The lock that I got showed these stacks:

Thread #2:
pthread_mutex_lock
init_ssl_system ; fe-secure.c:917

Thread #3:
pthread_mutex_lock
pq_lockingcallback
...
SSL_new
pqsecure_open_client ; fe-secure.c:275

Thread #2 waiting at 917 makes sense, he's waiting on the lock that the
other thread has on ssl_config_mutex before moving in to set up his own
SSL connection. What's odd is how is thread #3 waiting on a lock in the
lock array. Both threads agree that ssl_open_connections is only 1
(thread #3's ; thread #2 hasn't gotten to incrementing it yet). Looking
at the lock array, only one of the locks is taken out and it's owner is
thread #3, meaning that SSL apparently caused a deadlock by trying to
take a lock which it's already taken.

Changing the lock type to be recursive instead masks the self-locking
issue, but then I got a case where, with the same stack traces as above,
the lock in the array was held by thread #2 instead, where thread #2 is
in init_ssl_system- well before it's even made any calls into SSL since
the previous PQdestroy happened.

I've also caught it where a thread is still holding a lock when it drops
into destroy_ssl_system() by simply trying to unlock all of the locks in
the array. With the recursive lock type, all such attempts should
simply error out (either it's locked by someone else, or it's already
unlocked) and so I checked for *successful* unlocks:

2: DEBUG: database connection established
2: DEBUG: about to call PQfinish()
successfully unlocked mutex!

Having that happen can then cause the deadlock because the other thread
can end up waiting on that lock that we're still holding while in
destroy_ssl_system(), where we're waiting on the ssl_config_mutex lock
that the first thread has. Even leaving that code in there, which
unlocks all the locks during destroy_ssl_system(), it's still deadlocked
on me with the same stack trace as above, with thread #2 holding a lock
in the pq_lockarray which thread #3 is trying to get (while thread #3
holds the ssl_config_mutex lock that thread #2 is waiting on).

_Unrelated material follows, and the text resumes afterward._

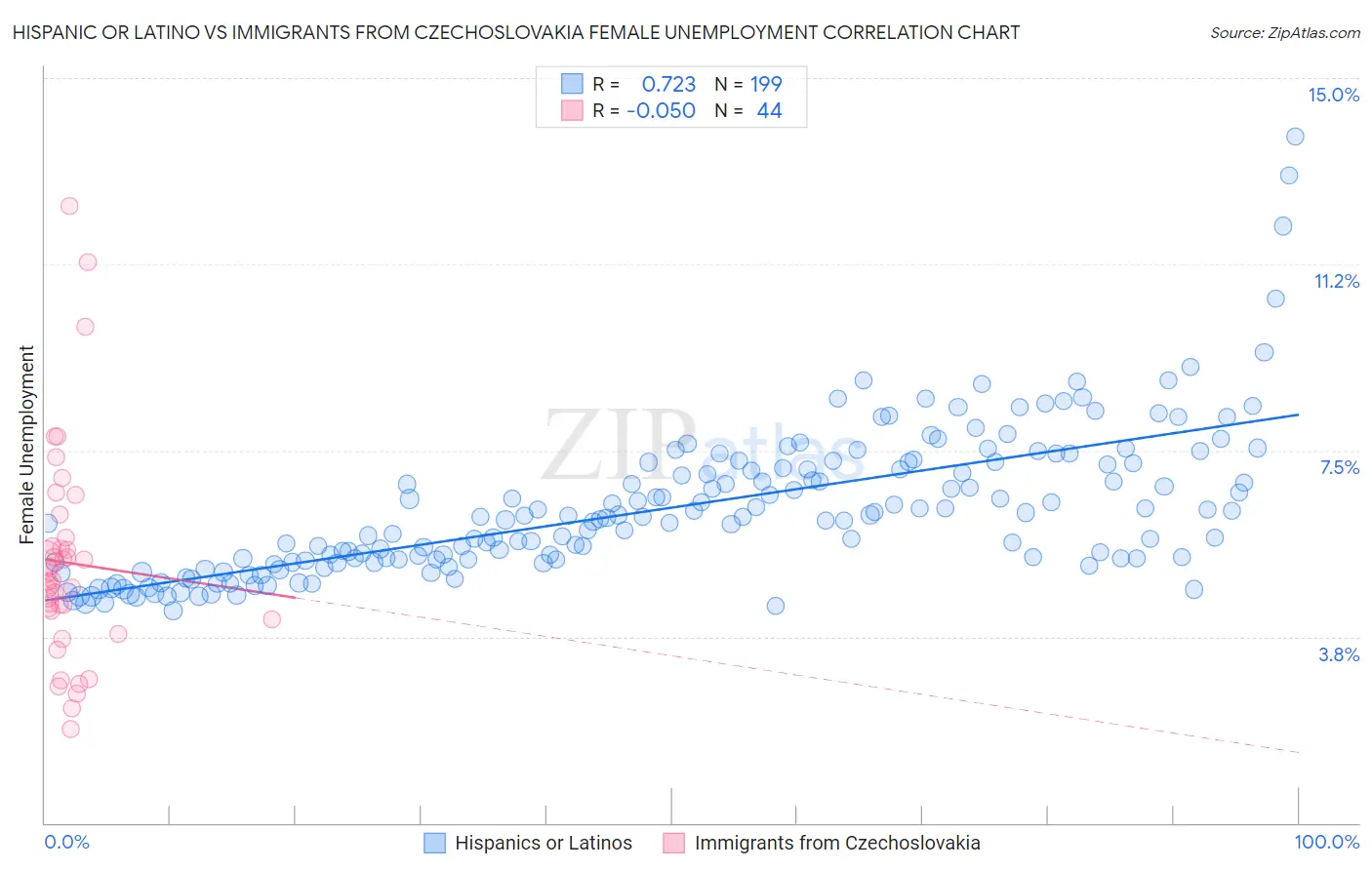 Hispanic or Latino vs Immigrants from Czechoslovakia Female Unemployment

Very curious. Out of time right now to look into it, but will probably
be back at it later tonight.

Thanks,

Stephen


From: Stephen Frost <sfrost(at)snowman(dot)net>
To: Heikki Linnakangas <hlinnakangas(at)vmware(dot)com>
Cc: Vesa-Matti J Kari <vmkari(at)cc(dot)helsinki(dot)fi>, pgsql-hackers(at)postgresql(dot)org
Subject: Re: Strange hanging bug in a simple milter
Date: 2013-09-13 16:40:11
Message-ID: 20130913164011.GR2706@tamriel.snowman.net
Views: Raw Message | Whole Thread | Download mbox | Resend email
Lists: pgsql-hackers

Heikki, all,

* Stephen Frost (sfrost(at)snowman(dot)net) wrote:
> Very curious. Out of time right now to look into it, but will probably
> be back at it later tonight.

Alright, I was back at this a bit today and decided to go with a hunch-
and it looks like I might have been right to try.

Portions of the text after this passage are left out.